Records below:

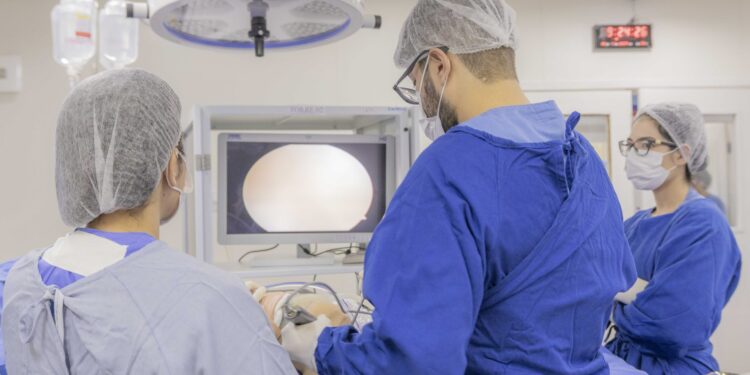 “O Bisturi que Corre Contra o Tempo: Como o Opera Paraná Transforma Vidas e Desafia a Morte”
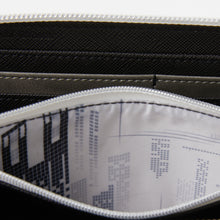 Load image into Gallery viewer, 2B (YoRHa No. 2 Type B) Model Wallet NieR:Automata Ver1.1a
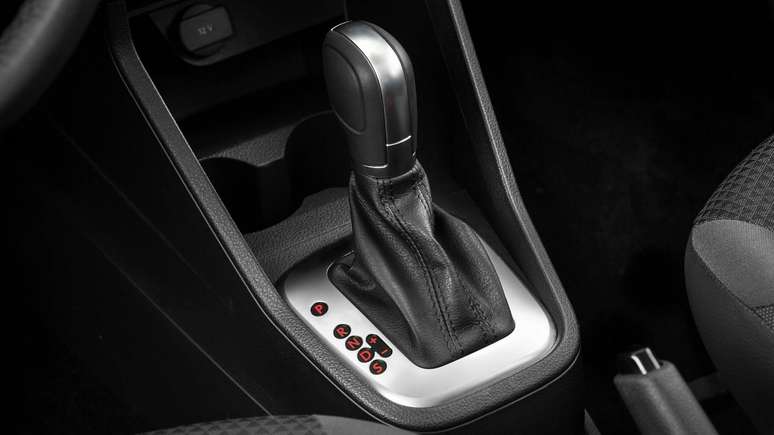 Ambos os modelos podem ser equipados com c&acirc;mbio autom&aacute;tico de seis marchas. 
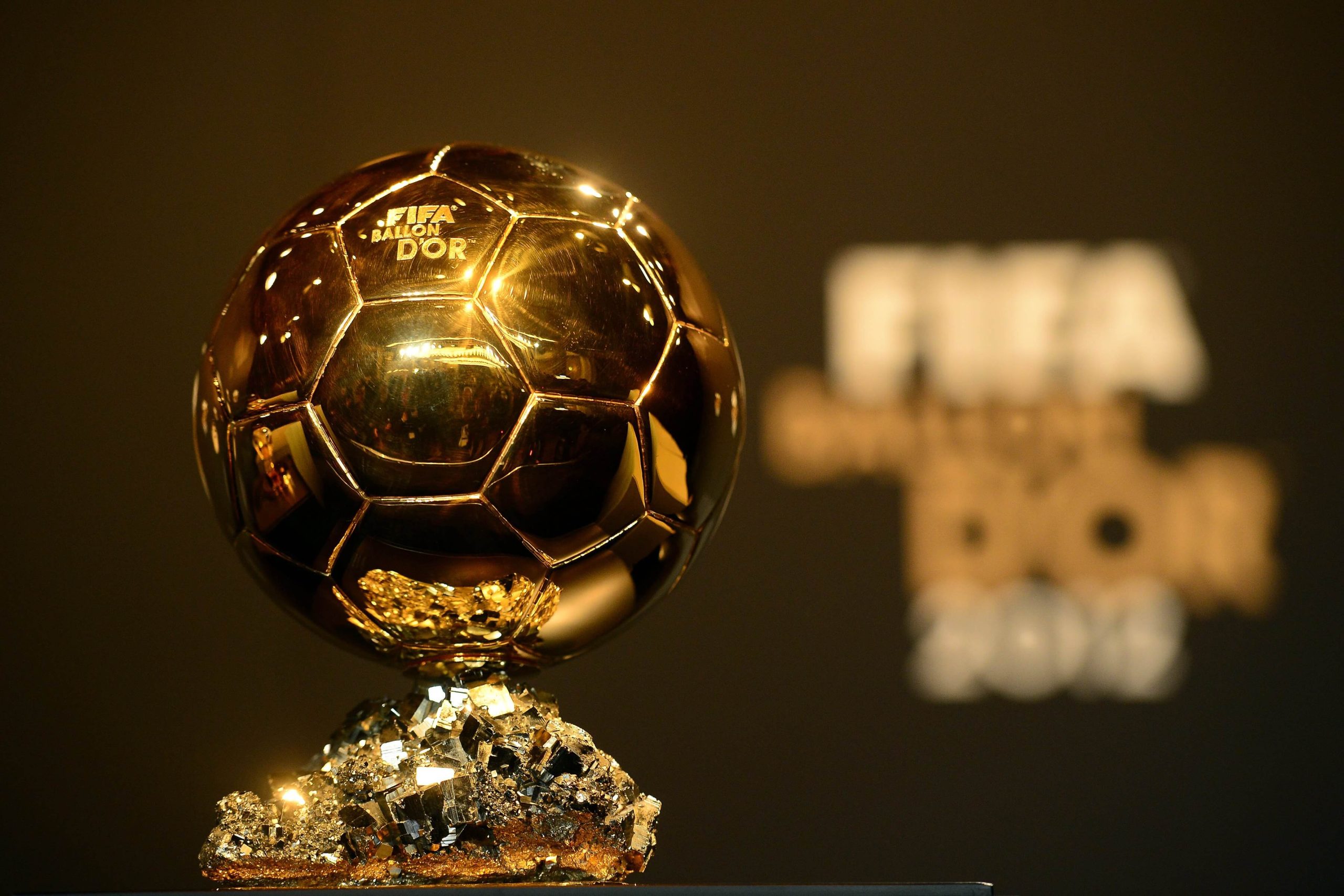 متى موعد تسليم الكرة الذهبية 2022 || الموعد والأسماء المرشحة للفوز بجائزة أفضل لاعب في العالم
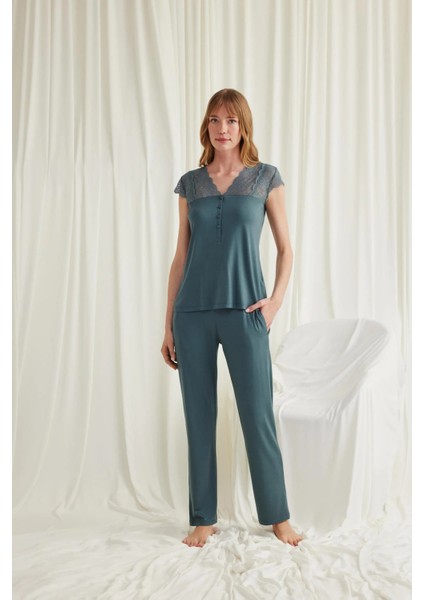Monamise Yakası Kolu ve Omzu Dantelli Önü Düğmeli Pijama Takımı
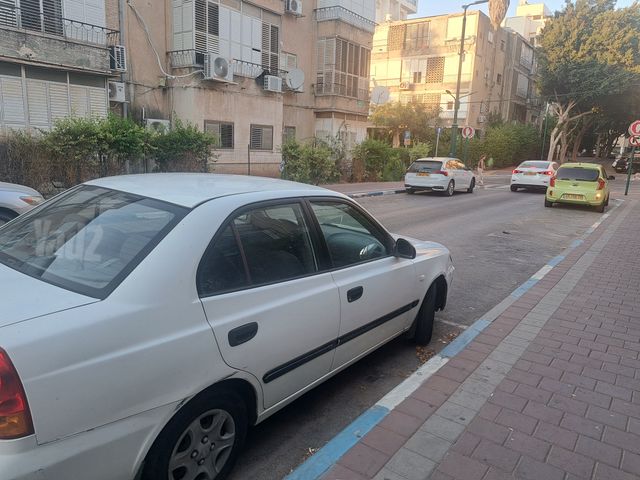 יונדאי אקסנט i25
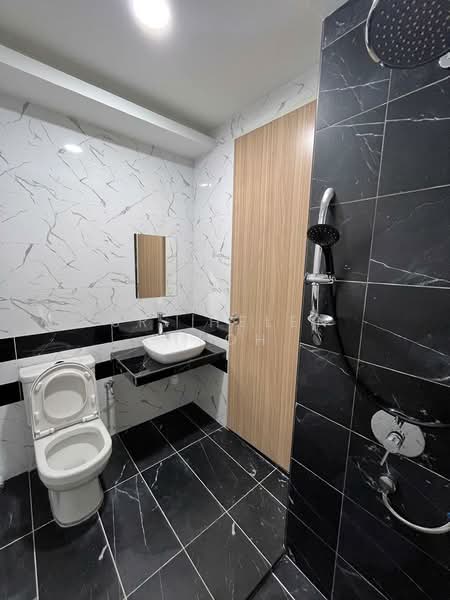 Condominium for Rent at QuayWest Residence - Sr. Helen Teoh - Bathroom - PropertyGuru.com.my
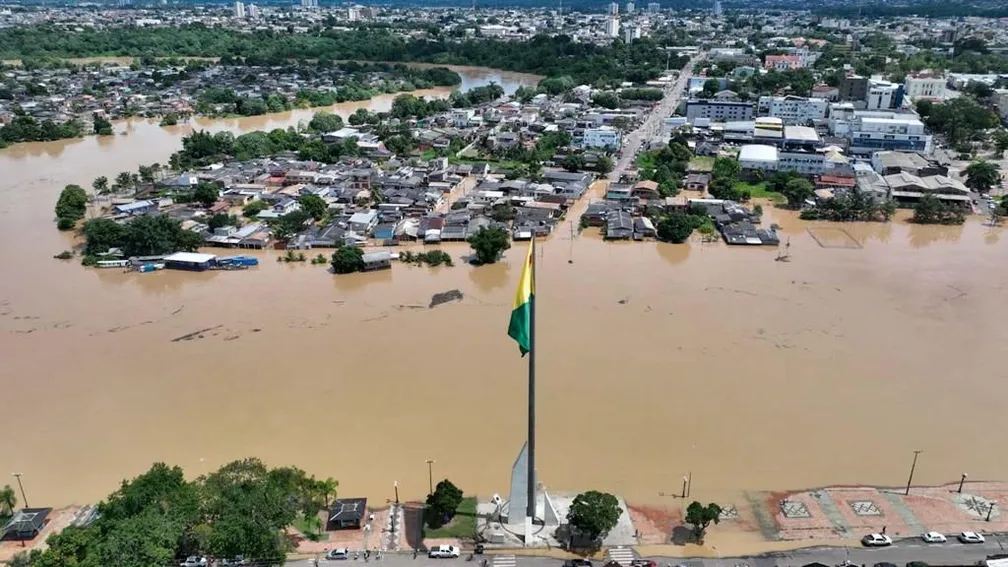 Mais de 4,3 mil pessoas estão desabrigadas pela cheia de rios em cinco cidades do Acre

End of Records.

* _Exercise_
Excluding all pictures, output exactly the lines from the line containing "Load image into" through the last line of the entries above.

* _Written reply_
 Load image into Gallery viewer, 2B (YoRHa No. 2 Type B) Model Wallet NieR:Automata Ver1.1a
 Ambos os modelos podem ser equipados com c&acirc;mbio autom&aacute;tico de seis marchas. 
 متى موعد تسليم الكرة الذهبية 2022 || الموعد والأسماء المرشحة للفوز بجائزة أفضل لاعب في العالم
Monamise Yakası Kolu ve Omzu Dantelli Önü Düğmeli Pijama Takımı
 יונדאי אקסנט i25
 Condominium for Rent at QuayWest Residence - Sr. Helen Teoh - Bathroom - PropertyGuru.com.my
 Mais de 4,3 mil pessoas estão desabrigadas pela cheia de rios em cinco cidades do Acre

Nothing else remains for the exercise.